▶ [What this task involves]
Only the lines in the entries below from the line with "MİNNESOTA (İHA) - ABD’NİN" to the line with "Hotelli Embarc Blue Mountain", both included, belong in the answer, transcribed exactly and without pictures.

▶ [Raw data]
# # # # # # #

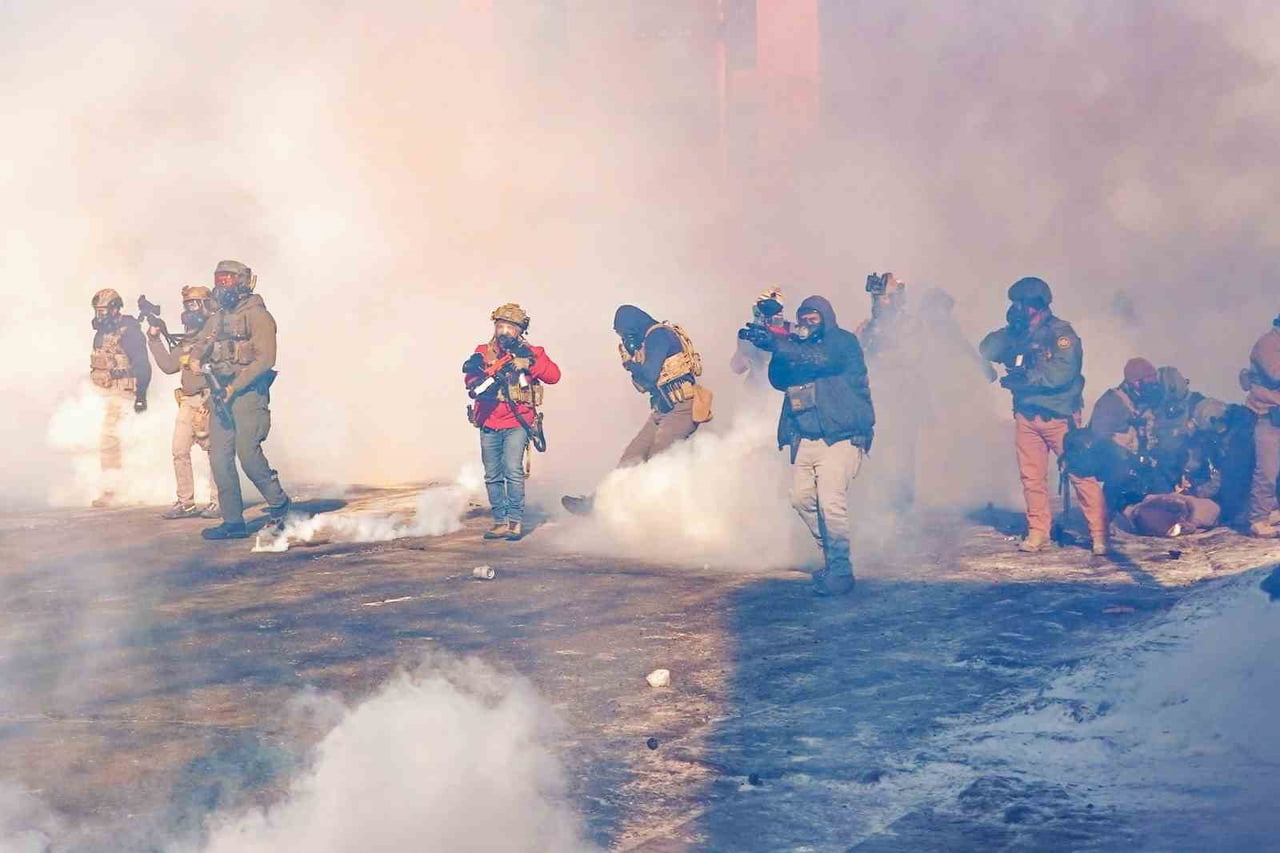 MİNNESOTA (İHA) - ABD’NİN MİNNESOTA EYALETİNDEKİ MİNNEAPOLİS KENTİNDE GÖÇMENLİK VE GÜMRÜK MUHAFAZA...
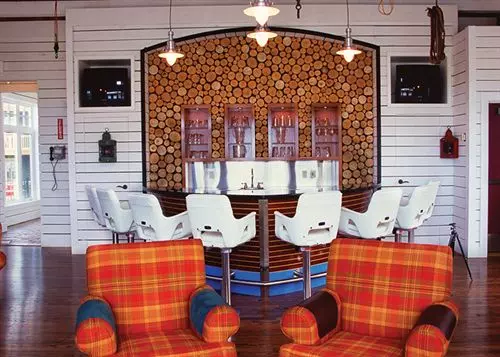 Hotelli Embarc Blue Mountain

# # # # # # #

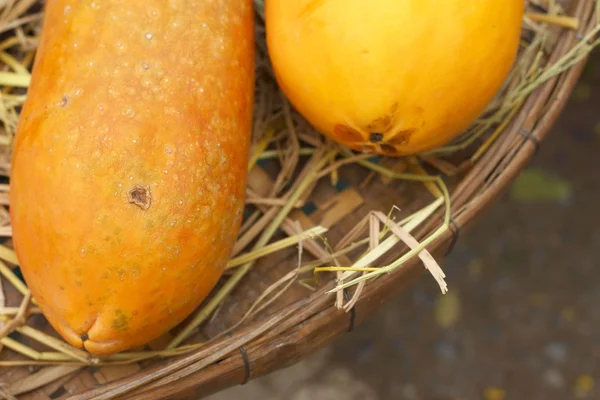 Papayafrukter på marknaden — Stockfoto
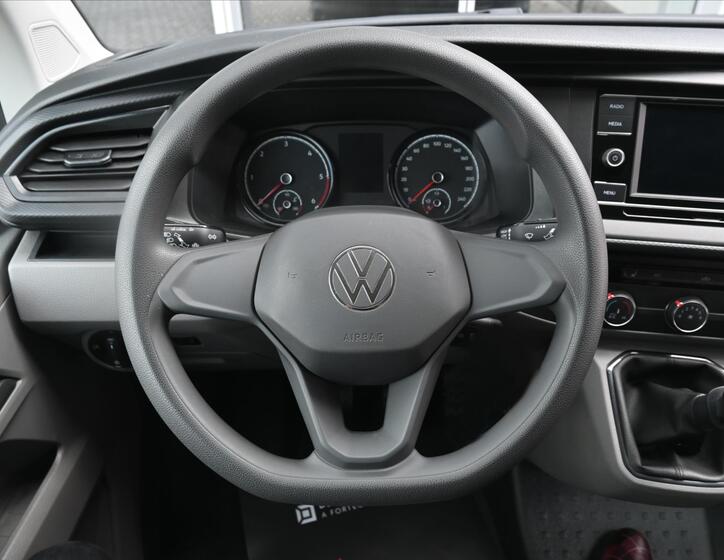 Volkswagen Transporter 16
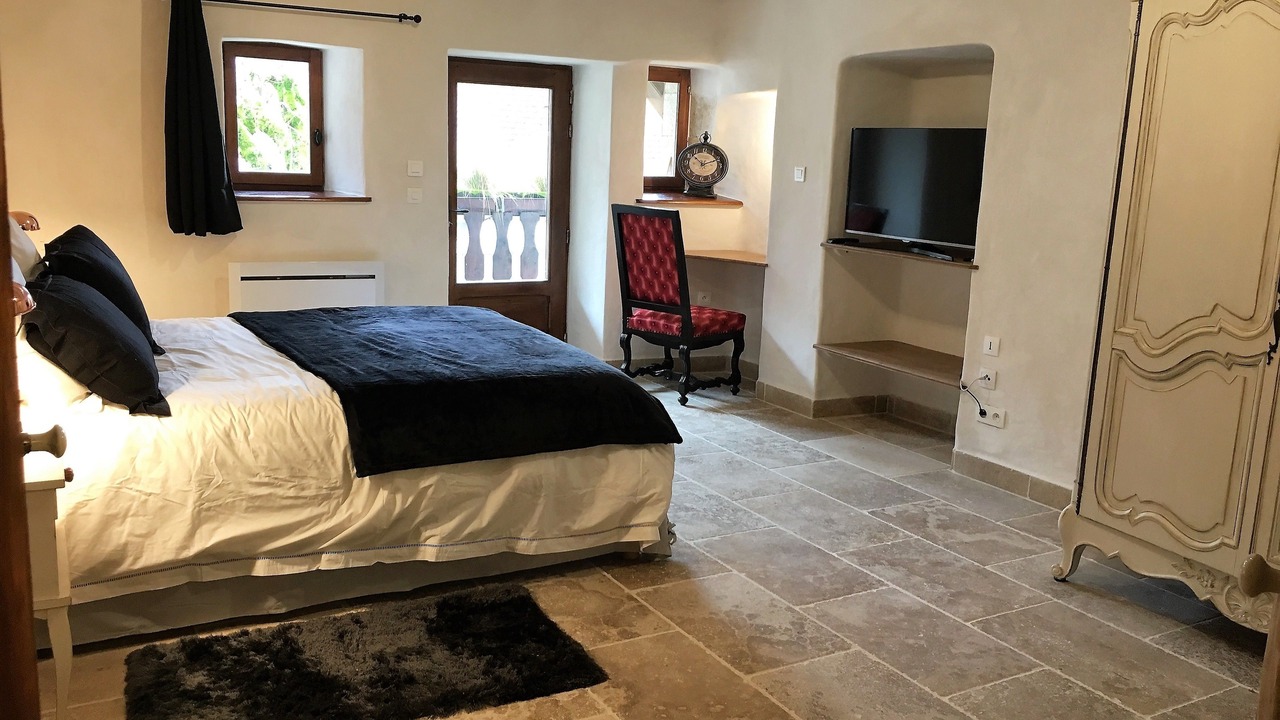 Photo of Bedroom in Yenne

# # # # # # #

▶ [Task output]
 MİNNESOTA (İHA) - ABD’NİN MİNNESOTA EYALETİNDEKİ MİNNEAPOLİS KENTİNDE GÖÇMENLİK VE GÜMRÜK MUHAFAZA...
 Hotelli Embarc Blue Mountain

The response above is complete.